Though hippie culture has political roots, most hippies were not directly engaged with political aspects. In addition to arguing against US involvement in war, hippies opposed capitalism and materialism, developing a lifestyle that highlighted carefree living, love, and pacifist ideas. Hippies often rejected society’s idea of a normal life trajectory: school, job, marriage, etc.
Music became a huge part of hippie culture, with iconic music groups like the Grateful Dead, the Beatles, and the Rolling Stones, being warmly welcomed into hippie repertoire. Large music festivals, such as Woodstock, served as spaces for hippies to rejoice over their favorite music and musicians.
Elements of Boho and Hippie Fashion
To further inspect what the difference is between boho style and hippie style, Boho Beach Hut explores the vast elements that make up each fashion type.
Different Elements of Boho Style
Boho style highlights clothing that’s very relaxed and flowy. Bell, trumpet, and bishop style sleeves are common on tops and dresses to emphasize the idea of loose-fitting figures. Mixed prints and embroideries are also commonplace amid boho style wardrobes, as are turquoise and antique jewelry pieces, braid detailing, and patchwork designs.
Most boho-chic individuals practice layering, whether that be with jewelry or clothing. Different length necklaces make it easy to create an engaging layered look that doesn’t overwhelm the outfit.
Bohemian sundresses are revered for their relaxed silhouettes, making them the ideal option for warm summer days. Boho-style dresses range from midi to maxi, so you can find one that suits your preference for dress length. No matter the style you choose, you can be sure of a comfortable fit, as the majority of boho dresses will offer the favored breezy figure.
For shirts, the loose silhouette still applies. Boho blouses are light, airy, and made of materials that breathe (which makes them so great for summer).
When it comes to boho pants, distressed denim and harem pants are among the most popular. Long skirts are another common option since you can dress them up or down. Because boho culture is so big on comfort, you’ll find that most boho bottoms are made of comfortable materials and designed to look casual and lax.

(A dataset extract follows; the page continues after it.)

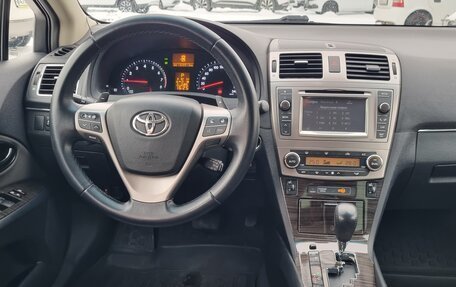 Toyota Avensis III рестайлинг, 2012 год, 1 390 000 рублей, 12 фотография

Popular Colors and Patterns for Boho
- Neutral tones: browns, whites, greens, greys, etc.
Different Elements of Hippie Style
Hippie style also favored loose-fitting t-shirts and dresses. Peasant blouses and bell-bottom jeans were all the rage, along with all things floral and fringe. Because handmade clothing was super popular amongst hippies, personally dyeing clothes became popular. This practice is why tie-dye is heavily associated with hippies today.
It was also common for hippies to don halter tops, long and breezy skirts, vests, and peace patches. Long hair was commonplace, as were flower crowns to rest atop hippies’ heads.